Für Unternehmer und Freiberufler

Umsatzsteuersenkung in der Gastronomie soll zum 1.1.2026 umgesetzt werden

5. November 2025


Die im Koalitionsvertrag angekündigte Senkung des Umsatzsteuersatzes für Speisen in der Gastronomie zum 1.1.2026 auf 7 % soll nun mit dem Steueränderungsgesetz 2025 umgesetzt werden. Insoweit liegt der Gesetzentwurf der Bundesregierung vor, der allerdings noch das Gesetzgebungsverfahren durchlaufen muss. Der ermäßigte Umsatzsteuersatz von 7 % soll ab dem 1.1.2026 auch auf Restaurant- und Verpflegungsleistungen gelten. Unverändert verbleibt die Anwendung des regulären Umsatzsteuersatzes bei der Abgabe von Getränken. Dem allgemeinen Umsatzsteuersatz unterliegen sämtliche Getränke, sowohl alkoholische (z.B. Bier, Wein, Sekt, Spirituosen) als auch nichtalkoholische (z.B. Kaffee, Tee, Säfte, Mineralwasser und auch Milch und Milchmischgetränke). Betroffen von der Änderung bei der Abgabe von Speisen ist die Gastronomie, aber z.B. auch Bäckereien, die Speisen zum Verzehr an Ort und Stelle abgeben. Ebenso betroffen sind Hotels, die einen Gesamtpreis für Übernachtung und Frühstück oder Übernachtung mit z.B. Halbpension anbieten, da ab dem 1.1.2026 das Entgelt für die Verpflegungsleistung dem ermäßigten Umsatzsteuersatz unterliegt.





Handlungsempfehlung:





Gastronomen müssen sich hierauf einstellen.
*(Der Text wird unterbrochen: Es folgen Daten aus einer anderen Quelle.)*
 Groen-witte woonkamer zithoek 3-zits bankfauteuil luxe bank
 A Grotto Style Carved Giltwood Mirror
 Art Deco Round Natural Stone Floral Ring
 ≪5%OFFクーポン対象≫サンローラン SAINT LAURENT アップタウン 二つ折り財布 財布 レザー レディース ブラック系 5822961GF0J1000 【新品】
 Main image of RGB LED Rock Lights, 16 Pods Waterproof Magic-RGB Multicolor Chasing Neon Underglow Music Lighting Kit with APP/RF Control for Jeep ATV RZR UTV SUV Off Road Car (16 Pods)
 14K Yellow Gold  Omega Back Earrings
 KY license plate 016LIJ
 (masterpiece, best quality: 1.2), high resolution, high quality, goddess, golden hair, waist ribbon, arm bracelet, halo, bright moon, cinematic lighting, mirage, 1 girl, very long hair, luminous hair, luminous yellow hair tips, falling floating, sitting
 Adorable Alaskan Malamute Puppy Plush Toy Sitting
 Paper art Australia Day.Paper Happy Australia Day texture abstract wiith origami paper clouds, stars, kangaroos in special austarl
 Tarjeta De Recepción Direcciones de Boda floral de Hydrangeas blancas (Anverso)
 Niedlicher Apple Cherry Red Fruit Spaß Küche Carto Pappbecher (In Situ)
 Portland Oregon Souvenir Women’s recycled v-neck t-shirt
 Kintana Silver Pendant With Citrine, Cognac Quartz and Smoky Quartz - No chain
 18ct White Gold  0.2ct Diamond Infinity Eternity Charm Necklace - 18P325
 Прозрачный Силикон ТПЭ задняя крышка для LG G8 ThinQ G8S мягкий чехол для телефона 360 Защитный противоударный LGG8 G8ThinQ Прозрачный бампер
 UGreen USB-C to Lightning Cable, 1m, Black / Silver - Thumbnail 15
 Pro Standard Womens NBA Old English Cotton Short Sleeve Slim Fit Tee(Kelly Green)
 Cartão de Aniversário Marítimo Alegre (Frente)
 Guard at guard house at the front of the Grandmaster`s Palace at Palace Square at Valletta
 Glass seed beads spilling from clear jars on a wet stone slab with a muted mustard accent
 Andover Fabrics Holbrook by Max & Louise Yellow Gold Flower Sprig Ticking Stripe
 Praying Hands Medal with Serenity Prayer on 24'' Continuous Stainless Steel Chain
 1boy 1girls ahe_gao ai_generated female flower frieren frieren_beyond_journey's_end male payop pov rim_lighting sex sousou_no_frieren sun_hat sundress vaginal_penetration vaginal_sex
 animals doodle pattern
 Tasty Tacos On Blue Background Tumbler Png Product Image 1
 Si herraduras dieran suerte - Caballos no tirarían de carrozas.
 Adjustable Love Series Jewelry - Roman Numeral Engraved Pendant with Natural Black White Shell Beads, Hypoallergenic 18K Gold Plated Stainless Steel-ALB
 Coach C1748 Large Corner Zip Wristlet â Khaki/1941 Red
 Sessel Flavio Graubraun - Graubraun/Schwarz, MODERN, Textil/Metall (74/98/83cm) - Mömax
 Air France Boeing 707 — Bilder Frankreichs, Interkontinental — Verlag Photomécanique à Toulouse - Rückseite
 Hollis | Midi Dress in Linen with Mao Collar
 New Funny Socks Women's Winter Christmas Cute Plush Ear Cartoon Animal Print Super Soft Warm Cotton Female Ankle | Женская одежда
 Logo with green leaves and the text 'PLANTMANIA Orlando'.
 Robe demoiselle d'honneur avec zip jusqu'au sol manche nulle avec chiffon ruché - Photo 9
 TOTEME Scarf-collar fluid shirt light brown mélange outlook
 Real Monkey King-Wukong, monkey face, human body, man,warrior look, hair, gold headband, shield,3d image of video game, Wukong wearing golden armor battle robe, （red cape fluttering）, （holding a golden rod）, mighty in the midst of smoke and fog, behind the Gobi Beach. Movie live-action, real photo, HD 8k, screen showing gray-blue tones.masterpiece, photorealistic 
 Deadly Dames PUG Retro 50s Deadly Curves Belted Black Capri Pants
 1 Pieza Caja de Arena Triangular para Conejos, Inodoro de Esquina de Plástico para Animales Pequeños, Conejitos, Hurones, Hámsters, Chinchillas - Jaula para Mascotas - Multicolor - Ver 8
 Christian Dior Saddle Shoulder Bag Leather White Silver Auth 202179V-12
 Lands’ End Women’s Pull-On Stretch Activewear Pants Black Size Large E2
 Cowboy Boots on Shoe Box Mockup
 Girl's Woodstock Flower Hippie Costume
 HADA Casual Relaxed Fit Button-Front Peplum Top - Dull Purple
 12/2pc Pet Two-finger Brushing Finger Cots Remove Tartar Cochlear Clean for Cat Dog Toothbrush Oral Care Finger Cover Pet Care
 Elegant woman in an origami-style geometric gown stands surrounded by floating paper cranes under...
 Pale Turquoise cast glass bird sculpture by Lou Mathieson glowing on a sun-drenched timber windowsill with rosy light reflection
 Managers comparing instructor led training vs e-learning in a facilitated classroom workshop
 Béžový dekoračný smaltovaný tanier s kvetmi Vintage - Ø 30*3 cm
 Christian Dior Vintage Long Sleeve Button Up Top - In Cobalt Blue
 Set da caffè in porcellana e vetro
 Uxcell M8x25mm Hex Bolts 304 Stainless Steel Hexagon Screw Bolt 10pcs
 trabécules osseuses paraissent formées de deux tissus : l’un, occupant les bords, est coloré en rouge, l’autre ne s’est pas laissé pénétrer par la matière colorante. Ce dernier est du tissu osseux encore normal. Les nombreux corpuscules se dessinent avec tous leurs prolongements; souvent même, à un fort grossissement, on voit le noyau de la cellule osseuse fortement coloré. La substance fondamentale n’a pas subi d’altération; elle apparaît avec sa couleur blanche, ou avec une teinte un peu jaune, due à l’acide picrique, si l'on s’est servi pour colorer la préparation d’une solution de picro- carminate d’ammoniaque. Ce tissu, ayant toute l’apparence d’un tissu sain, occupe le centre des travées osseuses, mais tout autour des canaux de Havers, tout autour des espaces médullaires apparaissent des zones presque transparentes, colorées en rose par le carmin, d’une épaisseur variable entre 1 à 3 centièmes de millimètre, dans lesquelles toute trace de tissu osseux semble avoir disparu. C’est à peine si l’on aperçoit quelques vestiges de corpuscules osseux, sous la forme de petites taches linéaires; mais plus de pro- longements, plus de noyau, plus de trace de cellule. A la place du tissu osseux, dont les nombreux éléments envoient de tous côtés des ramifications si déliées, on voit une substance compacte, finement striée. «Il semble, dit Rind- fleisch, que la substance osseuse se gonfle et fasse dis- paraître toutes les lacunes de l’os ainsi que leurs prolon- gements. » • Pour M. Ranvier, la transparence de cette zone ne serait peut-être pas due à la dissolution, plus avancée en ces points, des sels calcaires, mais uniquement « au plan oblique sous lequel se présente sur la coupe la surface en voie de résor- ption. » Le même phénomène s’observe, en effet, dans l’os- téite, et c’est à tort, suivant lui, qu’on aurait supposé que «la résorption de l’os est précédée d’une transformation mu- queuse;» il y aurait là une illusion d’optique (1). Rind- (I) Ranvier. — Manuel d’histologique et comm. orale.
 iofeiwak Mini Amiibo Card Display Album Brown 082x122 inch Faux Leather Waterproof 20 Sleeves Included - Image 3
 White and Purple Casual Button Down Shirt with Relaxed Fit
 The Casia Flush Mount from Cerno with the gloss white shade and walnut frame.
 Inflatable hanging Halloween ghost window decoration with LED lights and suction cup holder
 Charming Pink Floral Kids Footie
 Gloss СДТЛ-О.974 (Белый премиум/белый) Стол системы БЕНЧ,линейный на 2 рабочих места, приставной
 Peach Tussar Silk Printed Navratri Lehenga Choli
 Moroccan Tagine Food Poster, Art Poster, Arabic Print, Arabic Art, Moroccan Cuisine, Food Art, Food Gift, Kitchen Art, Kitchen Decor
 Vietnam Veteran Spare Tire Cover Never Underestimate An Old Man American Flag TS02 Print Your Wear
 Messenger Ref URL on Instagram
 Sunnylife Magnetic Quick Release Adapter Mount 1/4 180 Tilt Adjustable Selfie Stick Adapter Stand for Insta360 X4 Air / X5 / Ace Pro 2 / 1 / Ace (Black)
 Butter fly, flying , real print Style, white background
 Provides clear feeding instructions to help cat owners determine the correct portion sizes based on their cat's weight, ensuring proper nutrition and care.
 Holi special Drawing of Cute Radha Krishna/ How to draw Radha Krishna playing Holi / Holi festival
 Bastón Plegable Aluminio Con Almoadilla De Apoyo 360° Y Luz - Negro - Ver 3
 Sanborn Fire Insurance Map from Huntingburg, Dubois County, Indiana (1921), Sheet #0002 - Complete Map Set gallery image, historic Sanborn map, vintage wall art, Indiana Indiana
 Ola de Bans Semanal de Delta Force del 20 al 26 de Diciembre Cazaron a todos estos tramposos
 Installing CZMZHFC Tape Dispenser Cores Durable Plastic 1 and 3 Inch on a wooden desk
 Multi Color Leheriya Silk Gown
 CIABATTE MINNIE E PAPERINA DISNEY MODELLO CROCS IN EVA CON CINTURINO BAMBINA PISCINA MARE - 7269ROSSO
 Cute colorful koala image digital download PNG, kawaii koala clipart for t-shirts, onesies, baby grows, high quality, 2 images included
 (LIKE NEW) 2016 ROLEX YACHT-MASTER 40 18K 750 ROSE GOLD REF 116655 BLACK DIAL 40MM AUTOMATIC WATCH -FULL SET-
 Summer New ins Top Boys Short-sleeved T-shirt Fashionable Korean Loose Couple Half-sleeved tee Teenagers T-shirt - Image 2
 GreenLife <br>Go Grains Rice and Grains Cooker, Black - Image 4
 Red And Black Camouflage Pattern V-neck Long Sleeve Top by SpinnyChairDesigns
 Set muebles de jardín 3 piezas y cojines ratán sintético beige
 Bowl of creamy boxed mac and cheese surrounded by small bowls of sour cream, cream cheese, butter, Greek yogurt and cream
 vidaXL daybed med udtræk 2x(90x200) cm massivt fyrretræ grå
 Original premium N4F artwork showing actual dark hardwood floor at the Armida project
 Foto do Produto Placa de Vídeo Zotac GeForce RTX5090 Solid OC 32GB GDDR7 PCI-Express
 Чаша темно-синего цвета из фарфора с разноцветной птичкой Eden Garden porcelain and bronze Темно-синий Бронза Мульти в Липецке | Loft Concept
Dies betrifft z.B. Angebote über vertragliche Abrede für Verpflegungsdienstleistungen, die in 2026 erfolgen sollen. Eine Weitergabe der abgesenkten Umsatzsteuer an die Verbraucher ist nicht zwingend. Wichtig sind insoweit klare vertragliche Abreden, damit der sich später ergebende Endpreis für beide Seiten transparent ist. Vereinbart werden kann ein fixer Bruttopreis, also einschließlich Umsatzsteuer, aber auch ein Nettopreis zzgl. der dann geltenden Umsatzsteuer. Bei Leistungen, die einen Zeitraum vor und einen Zeitraum nach dem 1.1.2026 betreffen, muss eine Aufteilung der umsatzsteuerlichen Bemessungsgrundlage erfolgen.





Zum 1.1.2026 ist auch die Änderung der Kassensysteme vorzubereiten, da für die dem ermäßigten Umsatzsteuersatz unterliegenden Speisen der ermäßigte Umsatzsteuersatz im Kassensystem hinterlegt werden muss, damit eine richtige Bonausgabe und Verbuchung erfolgt.